Art exhibitions in London and around the UK this weekend Tom Sachs: Ritual
Our ultimate guide to the best UK and London art exhibitions for your post-lockdown summer 2021 diary
Summer has arrived, and – persistant rain aside – the sun has risen on London’s long-fallow art scene.
Though many countries are still in the throes of lockdown restrictions, UK art galleries and museums can now open their doors to physical visitors. For many, these will be the first in-person art experiences in more than a year. For others, it will be months of show postponements and uncertainty coming to an end. Ultimately, this will provide an alternative to viewing art via pixels, which – bar recent NFT dramas – just hasn’t quite offered the same thrills.
As our diaries begin to rapidly fill, these are the shows, in the city and around the UK, worth pencilling in.

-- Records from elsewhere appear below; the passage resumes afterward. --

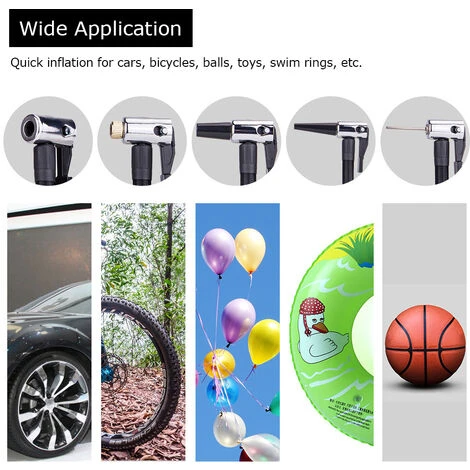 ZTTO Tragbarer Mini-Luftkompressor 120PSI Handheld Fahrradreifen-Inflator-Pumpe Für Auto Fahrradreifen Bälle Spielzeug,Schwarz – Bild 4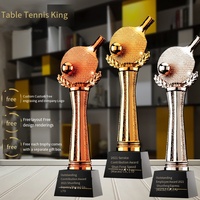 Medallas de bádminton personalizadas, trofeos, regalos, Copa grande, Metal dorado, tenis de mesa, béisbol, Rugby, Golf, fútbol, trofeo deportivo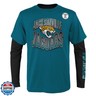 NFL Boys Youth 8-20 Game Day Team Color 3 Pack T-Shirt and Long Sleeve Combo Shirt Set (as1, Alpha, s, Regular, Jacksonville Jaguars)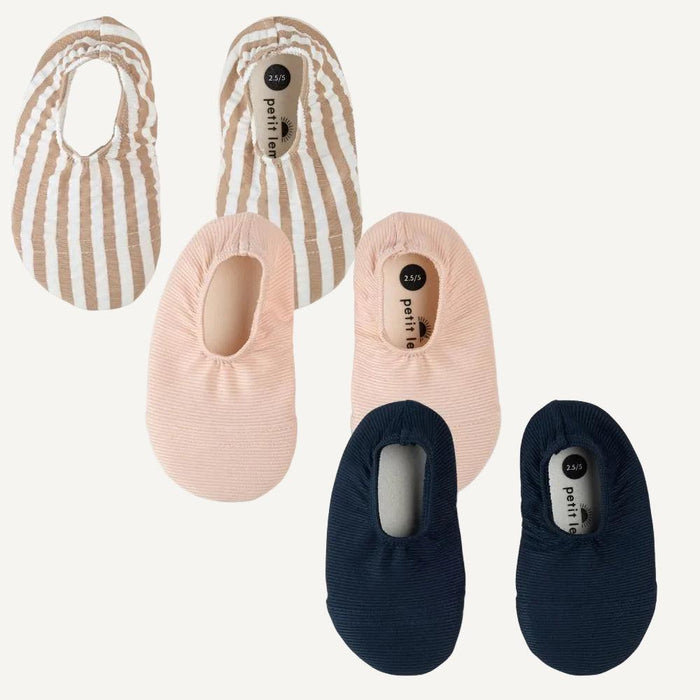 Petit Lem - UPF50 Water Shoes-Hats-Small (2-4T) / Sandy Stripes-Sandy Stripes-Posh Baby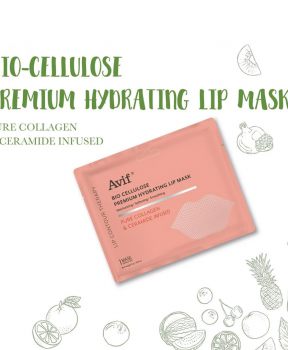 Mặt Nạ Dưỡng Môi Avif Cấp Ẩm Và Làm Mềm Môi 5g Bio Cellulose Premium Hydrating Lip Mask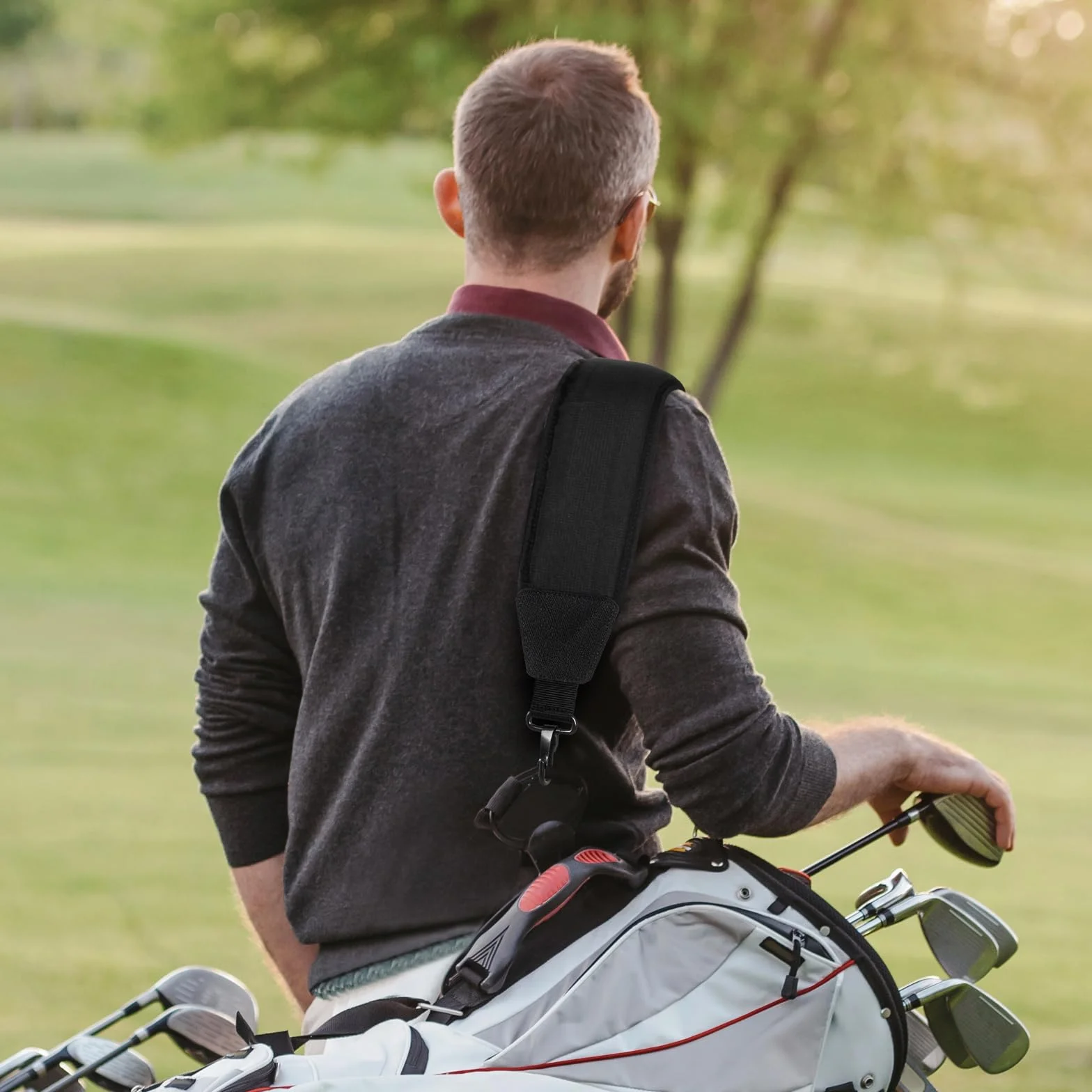 Borsa da golf imbottita tracolla singola regolabile universale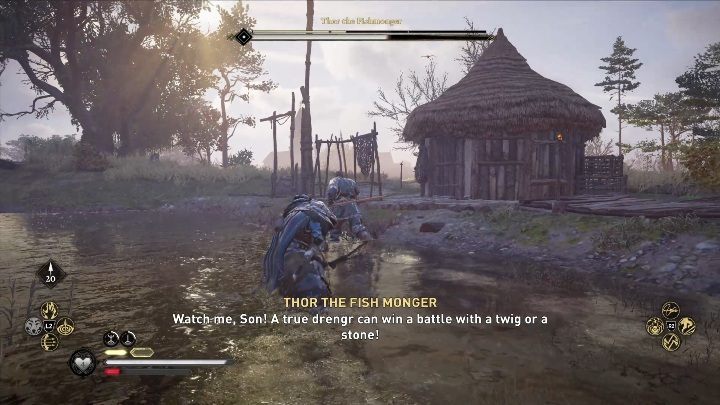 Use the moments when he runs away to replenish stamina - Assassins Creed Valhalla: Lost Drengr - East Anglia secrets, locations - East Anglia - Assassins Creed Valhalla Guide and Walkthrough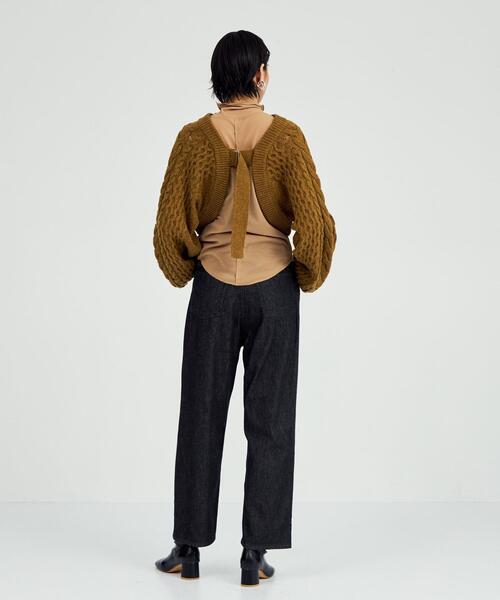 BRACTMENT(ブラクトメント)の「<BRACTMENT(ブラクトメント)>BM 2WAY ケーブルボレロ(カーディガン/ボレロ・レディース・ナチュラル/モカ・FREE)」の15枚目の写真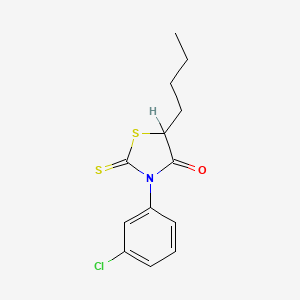 5-Butyl-3-(m-chlorophenyl)rhodanine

Exhibition: Tom Sachs: ‘Ritual’
Location: Thaddaeus Ropac
Dates: Until 31 July
Harbouring potent commentaries on consumerism, branding, and the fetishisation of products, Tom Sachs’ work is never quite what it seems. At Thaddaeus Ropac, Sachs draws on the subcultures of the urban metropolis, specifically the phenomenon of corner shops and their role in the diverse civic demands of modern urban life. Displayed on bespoke pedestals channelling modernist forms, these pieces replicate a clean-lined consumer culture in humble materials like plywood, cardboard, tape and paint. They also bear traces of the hands that made them, a nod to the value of human labour. Sachs illustrates how, when quotidian objects – such as laundry baskets, milk crates, surveillance cameras or leaf blowers – are placed on Brâncușian pedestals, they can be reframed as high art. This layered show merges sociopolitics, the genius of Constantin Brâncuși and the rhythmic rituals of everyday life. As Sachs says of the show: ‘Everything has form, but the objects are selected and presented so that their shapes along with their pedestals engage the viewer in the tradition of modernist sculpture, at eye level on a plateau.’